Cover art by Luis Royo

Book 1 of The Trade Pact Universe

Personal note: This was my first novel, both in terms of the first piece of fiction I ever finished and the first I sold. It started as just one of many stories I was playing with as a hobby, never thinking to see copies in the hands of readers, certainly never planning to send it out to a publisher. I'm very happy I did, but I do confess my first thought after the fateful phone call was "Oh no! What have I done!?" because by then, I knew I could do better. I harboured dark suspicions readers would take one look and say "She thinks she can write?" Fortunately, my editor had the confidence I lacked and readers kindly took a chance on an unknown. I'm proud to be able to say this book has been a bestseller, was recommended by Locus, made Editor's Choice for the Science Fiction Book Club, spawned a series, started my partnership with the talented Luis Royo, and has been reprinted several times. It was also responsible for my nomination for the John Campbell Award for Best New Writer of 1999. I expected none of this -- and I still pinch myself every time I look at it. Who knew? But I'll always have a special place in my heart for the first story of Sira and Morgan.
 
Excerpt from A Thousand Words for Stranger, by Julie E. Czerneda
© 1997 Julie E. Czerneda and DAW Books Inc.
Used with permission. ISBN 0-88677-769-0

The door swung wide, bumping my knees and startling me to alertness. Eye-stabbing light flooded the room. "Where is she?" demanded a voice I did remember -- too well.

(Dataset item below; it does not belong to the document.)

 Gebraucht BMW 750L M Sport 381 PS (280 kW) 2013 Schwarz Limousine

A Tuli skidded to the floor at my feet, beams from the globe cradled in its hands racing crazily over the walls and ceiling. It had been shoved by another entering behind with the haste of the pursued.

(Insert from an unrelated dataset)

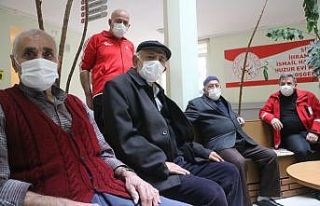 Çok yüksek riskli iller arasındaki Sivas’ta huzurevine...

Roraqk. His snout twisted over his shoulder -- angling downward so those yellow eyes, reflecting cold white disks of light, could pin me in place. The frills along his head were flattened and gray. I cringed, curling myself into a ball, and showed my teeth in as effective a snarl as a primate could manage.

The reptile holstered his pistol, hooking one hand in his belt. His other hand, streaked with some shiny green liquid, he held pressed over a wound high on his concave chest. "s-Switch the bar to her wrisssts-ss," he ordered the cowering Tuli. "Put this-ss on her." "This-ss" was a heavy black cloak, its edges suspiciously charred. I didn't like to think of how it came to be in the pirate's possession.

The Tuil panted, its trio of eyes wide and focused elsewhere as it obeyed Roraqk's command. Its stained fur smelled rank, sour with fear. Port Authority, I decided, stretching my legs as soon as they were freed. A rush of optimism gave me new strength which I kept hidden, letting the creature pull me to my feet.

Roraqk took no chances. He reached for the bar across my wrists, winding a thin glossy thread from his belt around the bar to link us together. The Tuli moaned to itself -- the first vocalization I'd heard from its kind. Its eyes were closed. Both of us knew what to expect next, yet I flinched when the pirate fired his pistol and the Tuli shriveled into a smoking darkness. The globe fell and smashed, extinguishing all light in the room.

I couldn't move -- too afraid of what I might touch. A warning jerk on the thread broke my paralysis. It drew me after the pirate into the hall, and I stumbled trying to keep up with his impatient steps. Roraqk had no intention of waiting for whatever was about to happen here.